Menurut Rusdy (2008), minyak goreng yang telah digunakan, akan mengalami
beberapa reaksi yang menurunkan mutunya. Pada suhu pemanasan sampai
terbentuk akrolein. Bila minyak digunakan berulang kali, maka semakin cepat
terbentuk akrolein sehingga membuat batuk orang yang memakan hasil
gorengannya.
18
Praktikum keempat yaitu kita menentukan angka peroksida dari minyak jagung
dan minyak jelanta. Perlakuan yang kita lakukan adalah dengan melarutkan 5
gram sampel dalam campuran asam asetat : chloroform (3 : 2) yang mengandung
kl maka akan terjadi pelepasan iod. Pada sampel minyak jelanta seharusnya
memiliki angka peroksida lebih tinggi dibandingkan dengan minyak jagung yang
masih baru. Hal ini dikarenakan adanya proses pemanasaan yang menyebabkan
minyak akan cepat rusak yang menyebabkan penurunan mutu yang ditandai
tingginya nilai bilangan peroksida. Tetapi pada praktikum diperoleh angka
perosida paling tinggi pada minyak jagung, hal ini terjadi karena kesalahan dari
pihak praktikan yang kurang teliti dalam menghitung jumlah larutan yang
diperlukan. Jadi, semakin tinggi angka peroksida maka mutu minyak tersebut
semakin menurun.
5.Kesimpulan
Berdasarkan percobaan yang telah dilakukan dapat disimpulkan bahwa :
19
1. Minyak atau lemak memiliki daya larut yang sama, yaitu tidak dapat larut
dalam pelarut polar, namun bereaksi atau larut dalam pelarut nonpolar. Jadi
dapat disimpulkan lemak dan minyak merupakan larutan nonpolar.
2. Bilangan peroksida tertinggi diperoleh pada minyak jelanta, semakin tinggi
bilangan peroksida maka semakin rendah kualitas dari minyak.

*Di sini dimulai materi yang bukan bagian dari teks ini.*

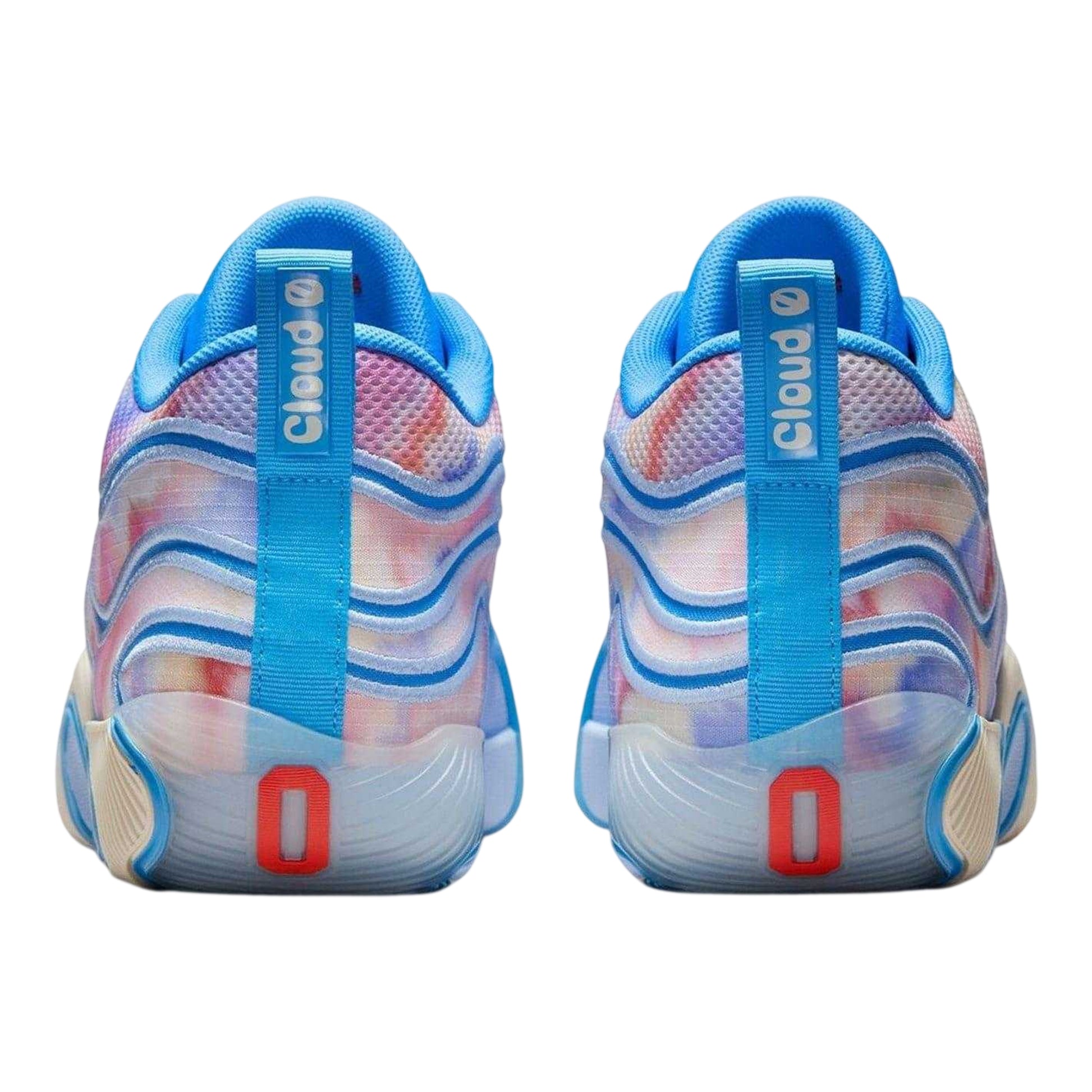 Blue-Ivory Tie Dye - Back - Air Mens Tie Dye Basketball Shoes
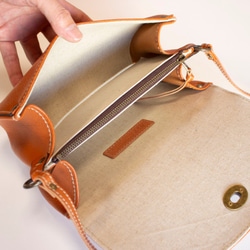 コロンと丸いショルダーバッグ　レッド　レディース　母の日　スマホショルダー　フラップ型　ak-18ns 8枚目の画像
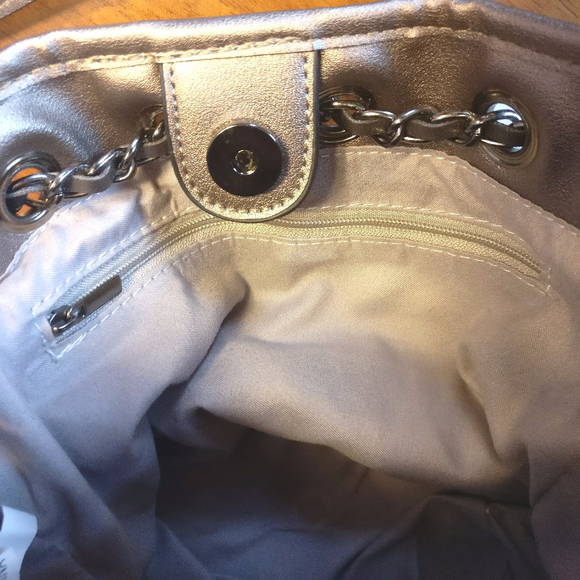 Rainbow Sequin Vegan Leather Bucket Bag - Picture 7 of 8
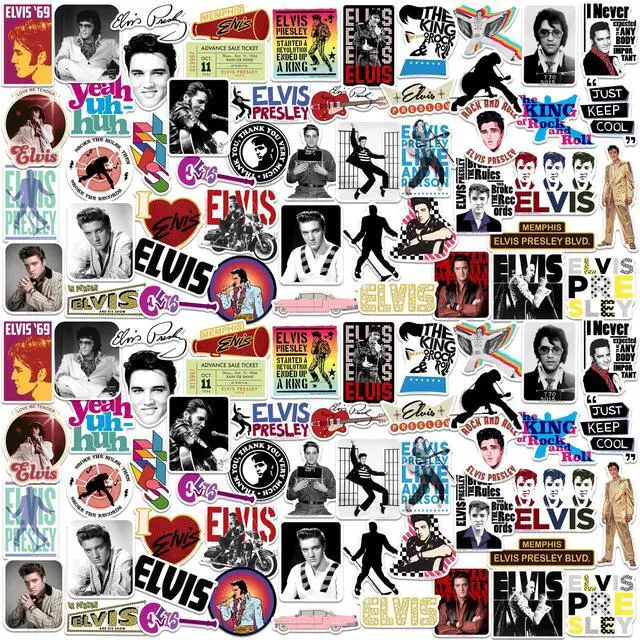 Main image of Elvis Presley 150 Vinyl Stickers Waterproof Die-Cut Decals Laptop Scrapbook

3. Titik asap yang paling lama dan tinggi adalah pada sampel minyak jagung baru
yaitu pada suhu2000 – 2080C. Semakin lama waktu pemanasan dan semakin
tinggi smoke pointnya maka semakin bagus mutu minyak.
4. Faktor-faktor yang mempengaruhi mutu minyak antara lain adanya reaksi
oksidasi dan hidrolisis.
5. Senyawa akrolein itu terbentuk pada minyak yang sudah terhidrolisis, sehingga
gliserol yang mengalami hidrolisis lebih lanjut membentuk senyawa akrolein,
yang dapat menimbulkan rasa gatal pada tenggorokan.
6.Daftar Pustaka
http://dc396.4shared.com/doc/e2VrwJJU/preview.html (diakses pada 26-09-2012, 18.56 WIB)
http://www.rismaka.net/2009/06/uji-lipid.html (diakses pada 26-09-2012, 19.30 WIB)
Ketaren, S. 1986. Minyak dan Lemak Pangan. UI Press. Jakarta.
Rohman, Abdul dan Soemantri, 2007. Analisis Makanan, UGM Press, Yogyakarta
Rusdy,Ekmal.2008.DioxindanJelantahSangPembunuh. http://www.riaupos.com/v2/content/view/4862/30/ (diakses pada 26-09-2012, 18.03 WIB).
Winarno. 2004. Kimia Pangan dan Gizi. Jakarta : Gramedia Pustaka Utama.